On 2015-07-08, Guenter Milde wrote:
> On 2015-07-08, Richard Opheim wrote:

>> So what I want to do is to have one font that applies only to
>> English and another that applies only to Japanese.

...

>> "Times New Roman" is set in the Settings/Fonts/Roman dropdown box. I have
>> of course checked non-TeX fonts.


>> ... I read somewhere about the following command which I inserted into
>> the preamble.

>>  \newfontfamily\CJKfont{MS PMincho}

It would be interesting to find out where... maybe this works with Chinese
or Korean, if these languages are supported by polyglossia or some extra
package is required.

> The problem is, that polyglossia does not support Japanese!
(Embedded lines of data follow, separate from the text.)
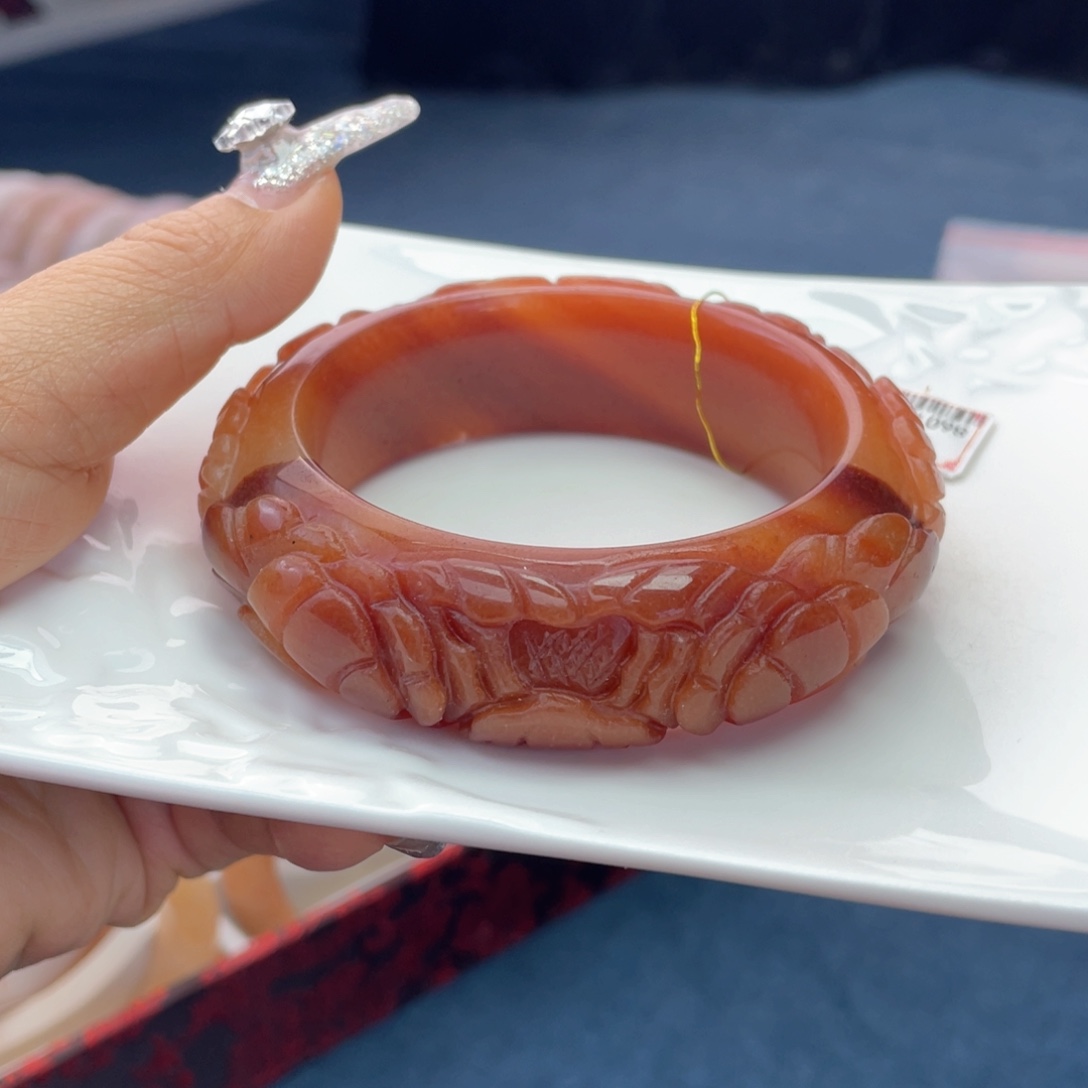 *****石英岩玉未镶嵌手镯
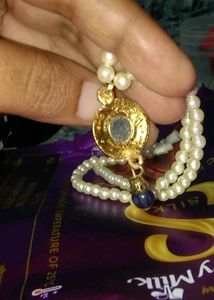 Blue Kundan-Stone Pendant Pearl Necklace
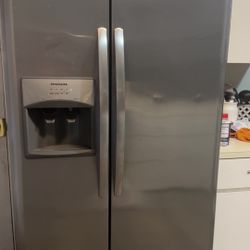 Frigidaire Used Refrigerator 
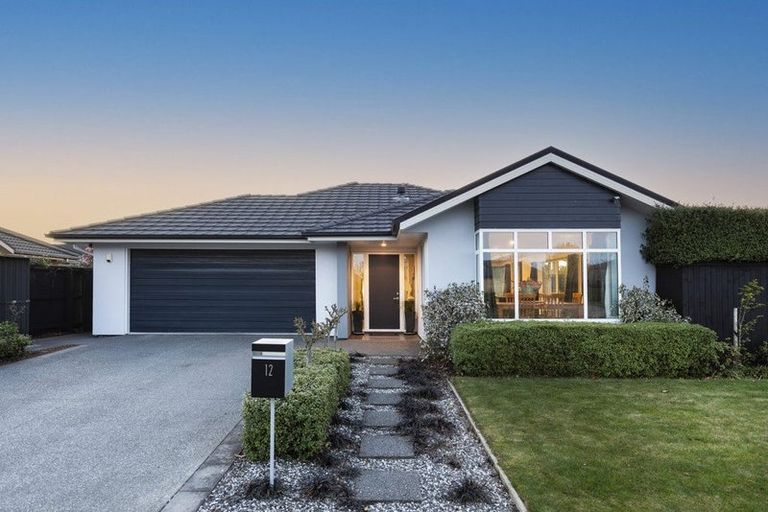 Photo of property in 12 Westpark Drive, Burnside, Christchurch, 8053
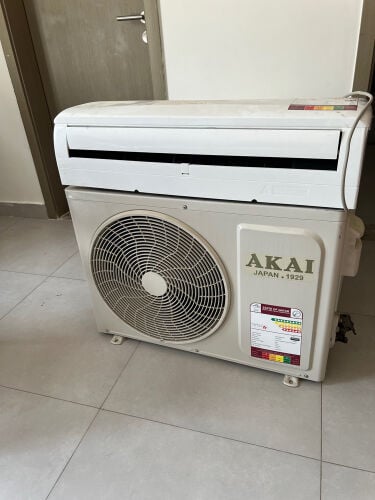 akai ac used only 4 months 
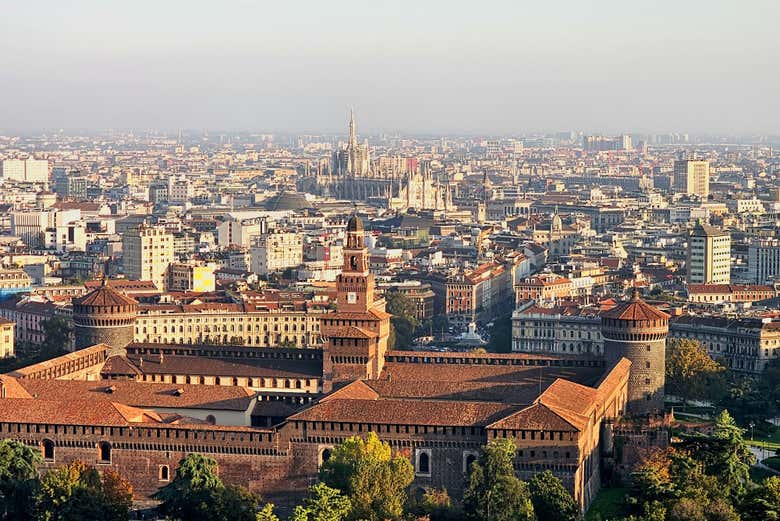 El Castillo Sforzesco desde la Torre Branca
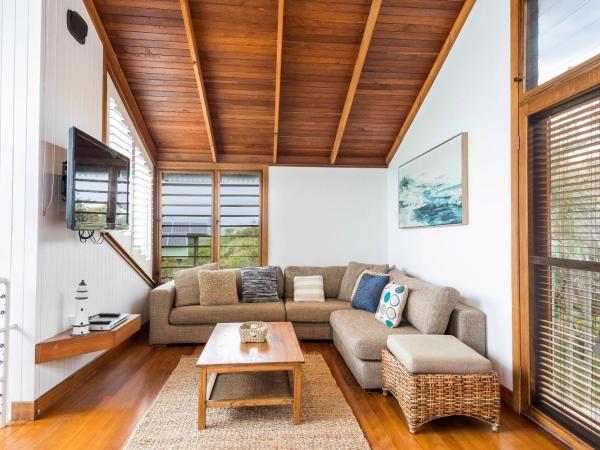 The Oasis Apartments and Treetop Houses : photo 6 de la chambre two-bedroom house with hot tub - treetop (currawong)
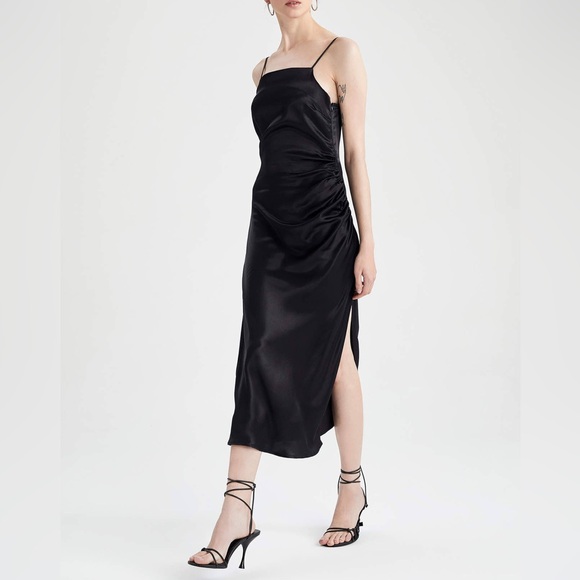 NWOT House Of Harlow stunning black spaghetti strap dress w/ruching & slit side - Picture 2 of 12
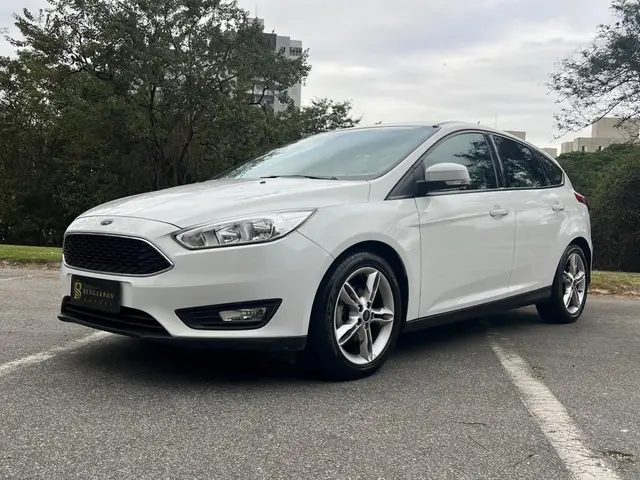Carro Ford Focus Hatch 2019 SE 1.6 16V TiVCT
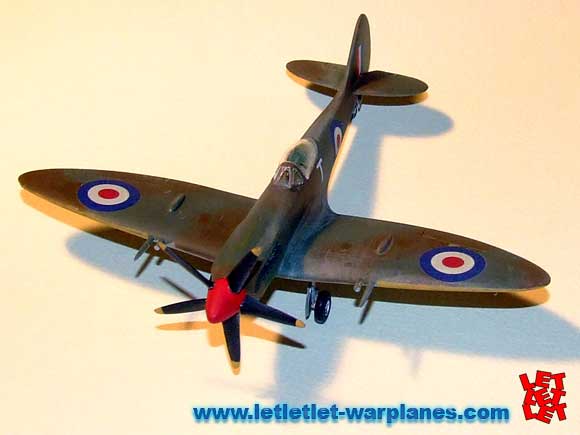 Spitfire FR Mk. XVIII AZ Model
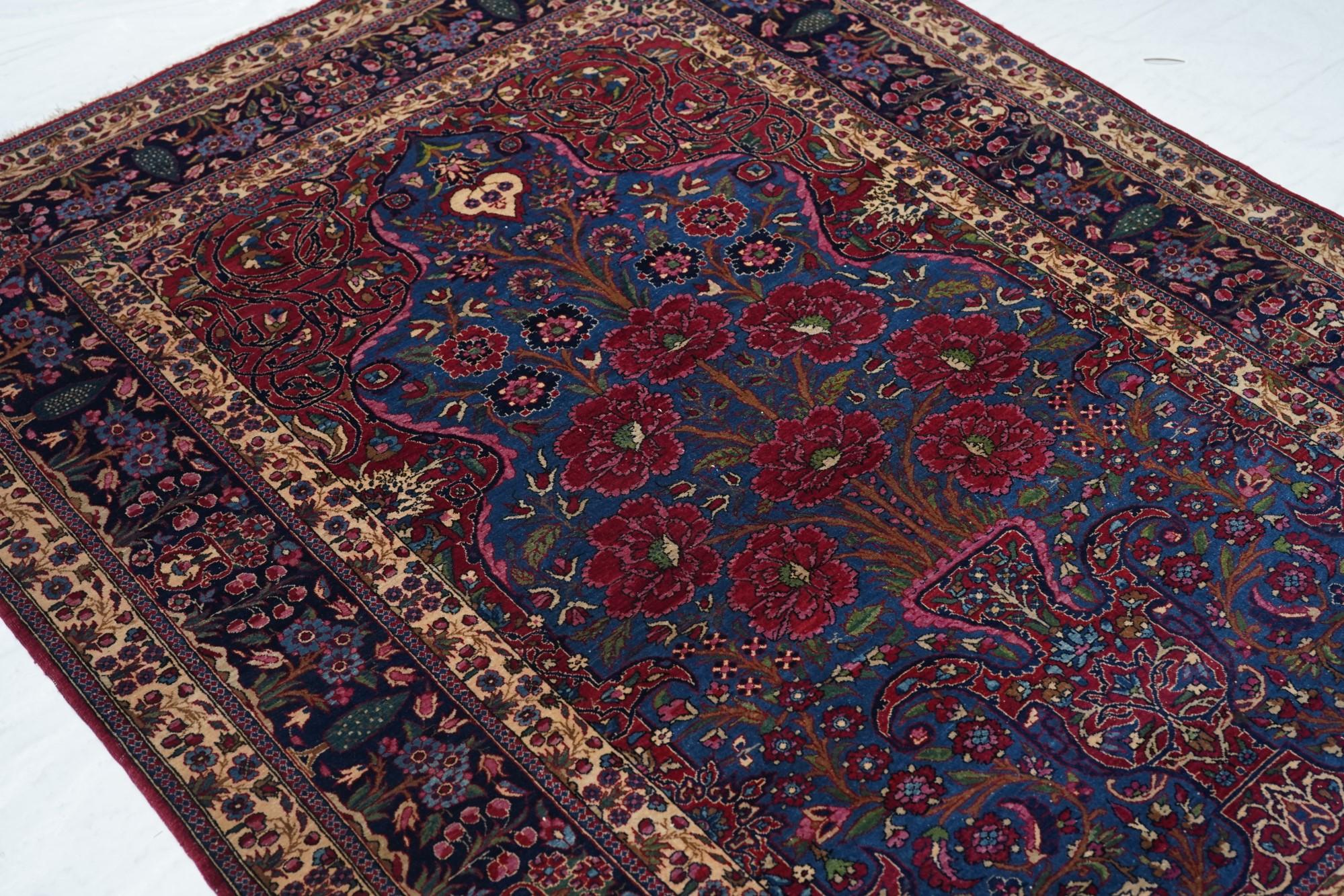 Antiker Semnan-Teppich 4'9'' x 6'5'' (Wolle) im Angebot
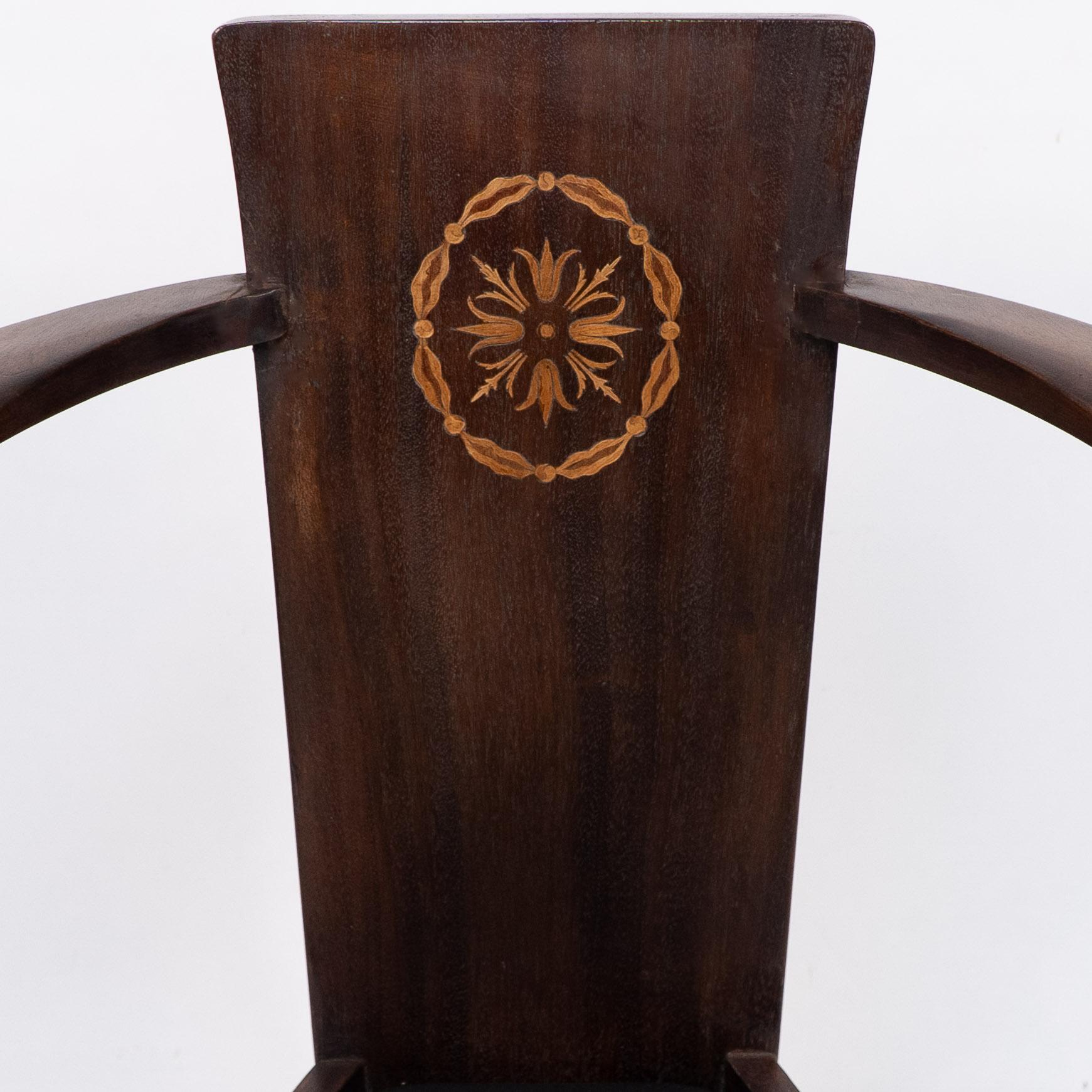 Paire de fauteuils Arts & Crafts avec incrustations de feuillages et de rubans de M H Baillie Scott en vente 1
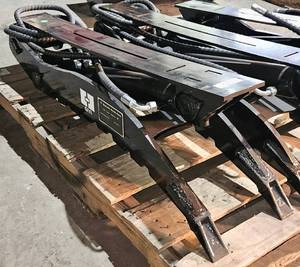 lot 1310 image: Unused GIYI 7 Ton Hydraulic Thumb Attachment for an Excavator - 44 Inch Length - Grab rocks, scrap metal, concrete debris, or other materials that might be difficult to handle with a standard excavator bucket.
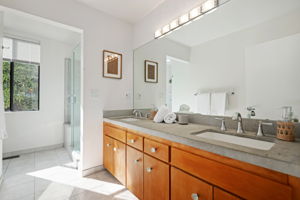 26 - Bathroom 2
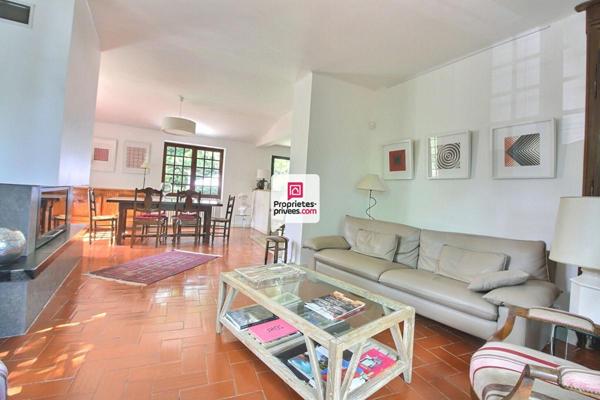 Domaine à Sauve - Mas avec piscine et tennis sur 2,5 ha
Therefore, LyX
> selects babel instead of polyglossia as language package as soon as a part
> of the document is in  Japanese language.

> What are the options then:

  * use the xeCJK package provided with XeTeX (in my Debian TeXLive
    installation, at least).
    
    In the LaTeX preamble, write:
    
      \usepackage{xeCJK}
      \setCJKmainfont{Droid Sans Japanese}
    
    and XeTeX will automatically use the "CJKmainfont" for Chinese, Korean and
    Japanese Unicode characters.
    
    + no special markup of Japanese words/text required, it just works!
    - package documentation is in Chinese.
    
    Source: 
http://www.preining.info/blog/2014/12/writing-japanese-in-latex-part-3-simple-documents/

> * set the sans-serif or teletype(monospace) font to the Japanese font and
>   change the font family for Japanese text parts
>   (works only, if you have a "spare" font family).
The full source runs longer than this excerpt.